Problem to solve: Dropping every picture, set down exactly the lines in the entries below, starting with the line with "BATH COVER SHEEP 80X80 BEIGE 8" and going on through the line with "2018 AUDI A4".

Provided records:
.....
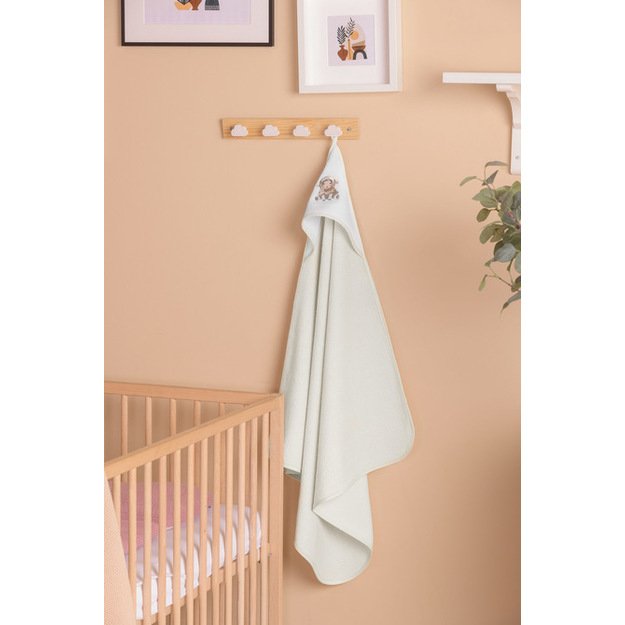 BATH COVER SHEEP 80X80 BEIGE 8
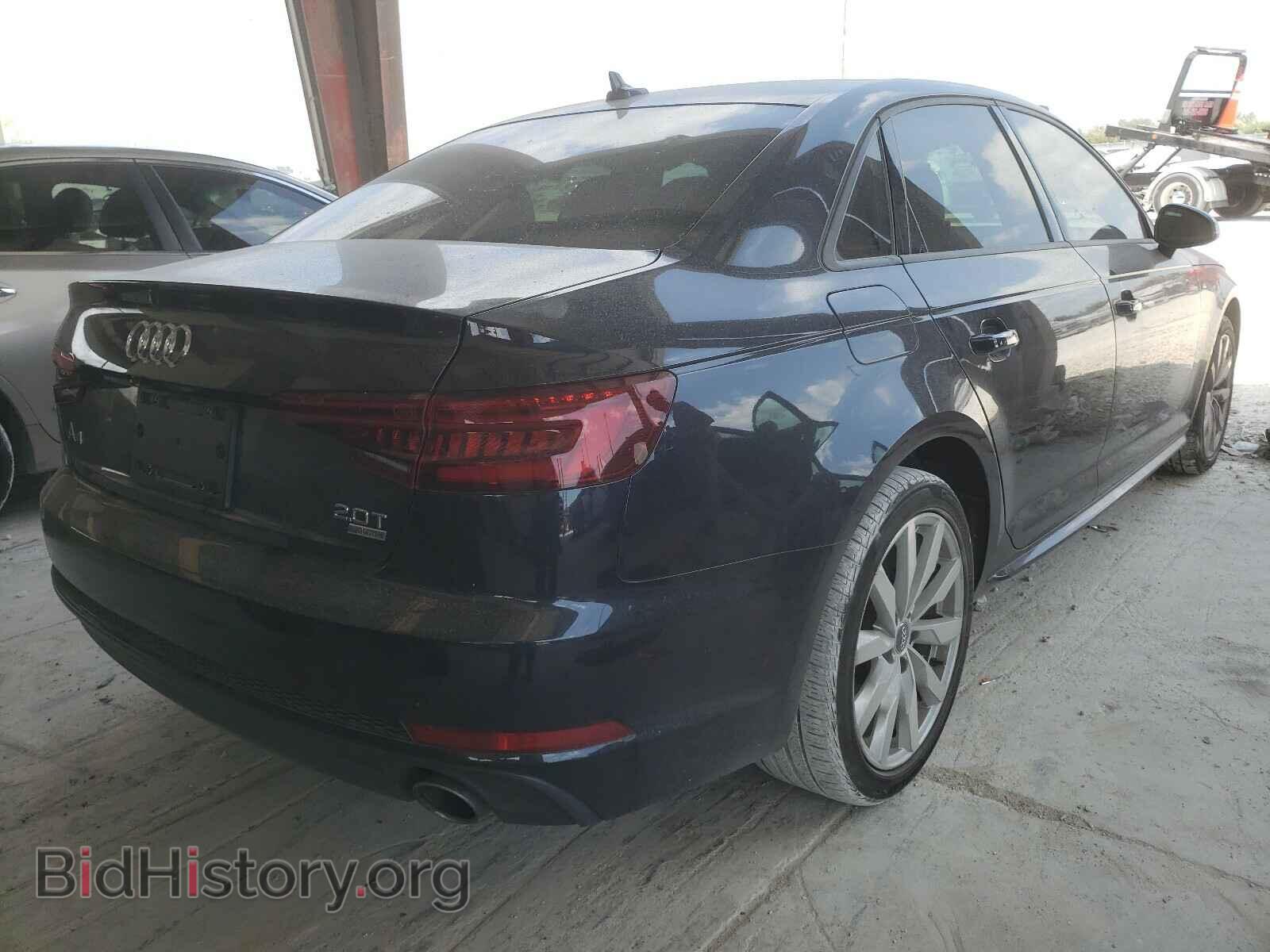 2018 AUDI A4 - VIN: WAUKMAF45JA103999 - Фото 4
.....
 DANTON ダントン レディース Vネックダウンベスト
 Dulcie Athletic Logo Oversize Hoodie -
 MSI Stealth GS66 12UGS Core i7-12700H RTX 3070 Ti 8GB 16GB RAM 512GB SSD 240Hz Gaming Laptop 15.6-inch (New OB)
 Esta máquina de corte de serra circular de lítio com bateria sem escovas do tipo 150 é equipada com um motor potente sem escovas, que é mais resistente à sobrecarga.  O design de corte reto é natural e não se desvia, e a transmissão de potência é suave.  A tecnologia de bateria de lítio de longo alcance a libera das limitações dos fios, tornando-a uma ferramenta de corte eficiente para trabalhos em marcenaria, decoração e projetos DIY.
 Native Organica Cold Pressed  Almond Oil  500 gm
.....
Answer for the task:
 BATH COVER SHEEP 80X80 BEIGE 8
 2018 AUDI A4 - VIN: WAUKMAF45JA103999 - Фото 4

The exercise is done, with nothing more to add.